The latter recently got huge ideological support from the Indigenous Peoples Group and tribal parties. Several youth leaders from the Indigenous People’s Forum of Tripura joined the BJP recently. With its expanded base, the BJP has been organising several rallies across the state.
The tribal vote
A third of Tripura’s Assembly is reserved for its tribal population and these areas have traditionally supported the Left party. Even with their huge budget, the BJP will have a difficult time winning against the Left.
It faces an ideological dilemma here of forming a strategic alliance with the Indigenous People’s Forum of Tripura.
The alliance could prove dicey, as the ideological bent of the Indigenous People’s Forum of Tripura may not augur well for BJP’s grander plans. A section of political analysts considers the forum a spent force, trying to regroup itself.
The Indigenous People’s Front of Tripura may also not wish such an alliance as it could lead to a split in the party.
Rising anti-incumbency and the chit fund scam
Dislodging the Left, with its well-oiled party machinery and extensive cadre, will be a daunting task.
The BJP has its task cut out. The party is buoyed by its electoral success in other parts of the country, frequent visits by tall leaders like Sarbananda Sonowal of Assam and Pema Khandu of Arunachal Pradesh and Himanta Biswa Sarma, the convener of the North-East Democratic Alliance and the party’s main political strategist in the region, is keeping the cadre’s spirits high.
A media war-room has been set and the social media army has taken over to campaigning in the state.
While the cadre’s efforts may work as well as they are supposed to, the ruling party hasn’t shied from offering issues to the BJP. This, couple with the lacklustre response from the principal opposition party Congress, has made the battle lines clear.
The party has been actively campaigning against the inaction of the state government on the chit fund scam worth almost Rs 1,200 crore – which is approximately 10 per cent of the state annual budget for 2016-17 – affecting some 14 lakh gullible depositors, or one-third of the state population and almost half of state’s earning population.
In its protests, BJP is hinting at a possible nexus of the ruling Left party and chit fund companies, which translates to government’s incompetence in protecting rights of the citizens. The high poverty and unemployment rates (highest in the country) also draw enough attention. Knowing it is an uninterrupted fourth term for CPI(M)’s Manik Sarkar, the falling social indicators may draw in a huge anti-incumbency for the ruling government.
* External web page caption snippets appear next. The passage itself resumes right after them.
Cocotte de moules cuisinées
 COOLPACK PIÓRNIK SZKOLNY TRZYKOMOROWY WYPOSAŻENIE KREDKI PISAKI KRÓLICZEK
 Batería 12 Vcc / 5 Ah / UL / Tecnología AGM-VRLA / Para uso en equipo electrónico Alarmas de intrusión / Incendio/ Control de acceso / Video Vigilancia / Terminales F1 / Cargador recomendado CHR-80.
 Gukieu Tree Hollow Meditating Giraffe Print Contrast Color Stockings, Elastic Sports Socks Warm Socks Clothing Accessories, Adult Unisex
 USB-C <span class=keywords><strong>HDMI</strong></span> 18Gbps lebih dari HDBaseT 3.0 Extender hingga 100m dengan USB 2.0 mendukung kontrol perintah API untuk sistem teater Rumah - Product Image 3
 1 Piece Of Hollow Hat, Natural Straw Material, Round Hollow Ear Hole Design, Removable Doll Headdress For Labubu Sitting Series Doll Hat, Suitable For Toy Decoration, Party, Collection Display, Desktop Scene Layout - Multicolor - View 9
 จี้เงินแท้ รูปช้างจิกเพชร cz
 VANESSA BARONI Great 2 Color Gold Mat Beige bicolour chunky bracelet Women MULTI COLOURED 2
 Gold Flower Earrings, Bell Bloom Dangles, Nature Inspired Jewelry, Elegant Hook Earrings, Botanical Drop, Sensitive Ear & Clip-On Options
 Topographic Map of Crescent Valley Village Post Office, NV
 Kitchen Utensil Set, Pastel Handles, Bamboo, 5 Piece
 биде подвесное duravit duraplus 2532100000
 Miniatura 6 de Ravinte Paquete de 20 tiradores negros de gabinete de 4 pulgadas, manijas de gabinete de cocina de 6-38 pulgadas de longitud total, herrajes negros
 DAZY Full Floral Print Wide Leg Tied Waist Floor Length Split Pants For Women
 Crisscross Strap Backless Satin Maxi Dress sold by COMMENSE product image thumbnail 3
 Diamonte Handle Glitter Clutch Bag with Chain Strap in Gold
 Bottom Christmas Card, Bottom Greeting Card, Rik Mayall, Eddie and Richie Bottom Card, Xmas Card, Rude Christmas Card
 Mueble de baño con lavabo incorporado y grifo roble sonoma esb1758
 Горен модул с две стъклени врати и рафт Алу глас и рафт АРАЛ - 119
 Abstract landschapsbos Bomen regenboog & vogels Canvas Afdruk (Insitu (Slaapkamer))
Cashing on this factor, apart from organisational prowess and a grip over voter issues will be all BJP needs to upset the electoral prospects of Manik Sarkar. February 2018 will all be about BJP and the Left in Tripura. Going by the recent developments and the months to come, Tripura may well spring a surprise. With the rise and rise of BJP, the surprise might just bring home a new leaf, removed from the neo-normal.